To me, the best part by far is the wonderful, joyful high that sometimes happens when the writing takes off and soars, all by itself, and carries you along with it. This doesn’t happen frequently, but when it does it’s better than any drug anyone could possibly take, almost as good as falling in love. It’s worth every minute you’ve spent slogging forward, word by slow word, trying to get it right. Any writer who says this isn’t so is telling an untruth.

The worst part, for me, is drifting in the doldrums. This is just me, or anyway I hope so. I need assignments and deadlines because I’m lazy. Those long periods of windless calm are miserable. I cannot make myself move forward, and yet I’m the only one who can. I have spent weeks, months, and years in those sad latitudes.

Describe your writing space.

Hahaha! I would, but it would depress you. I know some writers want a beautiful room, full of light, their favorite objects, and wall hangings with inspirational quotes. They want compulsively neat files and books, windows looking out on gorgeous landscapes, etc. That’s fine. I’d just like to remind everyone that a lot of great writing has been done in jail cells.

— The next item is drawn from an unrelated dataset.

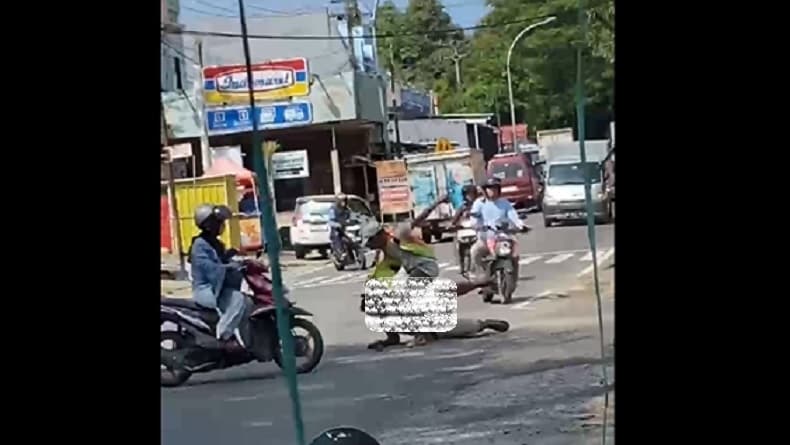 Viral! Gegara Masalah Sif Jaga, Pak Ogah Duel di Tengah Jalan Parepare
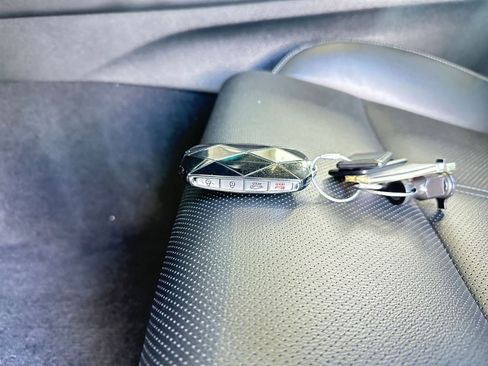 Used 2025 Genesis G70 2.5T image 22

Which authors have inspired you?

Many authors have inspired me and still do. Among them are two American women: Ursula K. Le Guin, who brought her immense talent and the great privilege of her childhood and education to the little-respected genre of science fiction, where she followed others in showing its value as a source of serious and elegant humanist literature. And Octavia E. Butler, who with courage and an iron core of self-confidence overcame the heavy burden of having been born a shy, awkward, dyslexic, working-class Black girl in the 1940s United States to write genre fiction that stands as tall and proud and important as Le Guin’s.

Any advice for aspiring writers?

Yes. Write literately in your language. If you don’t already know how to do that, learn. Learn the rules, silly as you may find them, and learn how to use them before you decide you are good enough to break them. There was a time when editors would do some of that work for you, but that time is long gone. If you have something to say that’s worth saying, it’s worth learning how to say it so people can understand you, and that, after all, is what the rules are about: communicating thought and feeling through the symbols of letters and words and punctuation and sentences and paragraphs.

Read writing by people who write well. This may sound silly to you, but it works; I knew a man who learned to write this way, became a well-known professional writer, and made a very good living: Find paragraphs and pages of writing by excellent writers and copy them, in longhand (or printing, if you never learned longhand), or typing, word for word, punctuation mark for punctuation mark. Be mindful of what you’re copying. Read what you’re copying out loud; pause for the commas, stop for the periods. Stop and take a deep breath for the paragraph breaks. This is called pattern practice, and it works. Some writers are lucky enough to sort of absorb these patterns while they read, without thinking about what they’re doing. Some have to do it mindfully.

What are you working on next?

Not sure. I’m never sure. Wish me luck!

Blurb

To guard herself from the perils of her own sensuality, Rose married a man she didn’t love. Now, two years after his death, she’s not sure she can really love anyone. She’s not even sure she cares…

To achieve what he’d always known was his birthright, Luke had to struggle against tremendous odds. But when science discovered a way to access the past, a powerful bureaucracy found a way to use Luke. Now, torn from his own time, everything and everyone he knew, he can see no reason to go on living…

An instant of attraction, uninvited but inescapable, brings Luke and Rose together. Together, they discover the strength to love, the will to trust and hope. But will these things be enough to carry them over walls of suspicion, guilt, bigotry, and hate?

Excerpt

In 1930, he told her, he’d been in the midst of rehearsing a play in New York City. The play’s title, Dark Fancy, rang no bells for Rose. “Well,” Luke said, “it had a couple of wealthy backers, but the script was awkward. And the play wasn’t a good fit for the time. People were beginning to want something light, given the look of things. A lot of folks had money troubles that year. Maybe the play didn’t even open. They’d have had to find a new second lead, anyway… Or…” He frowned. “Or not, maybe. I don’t know.”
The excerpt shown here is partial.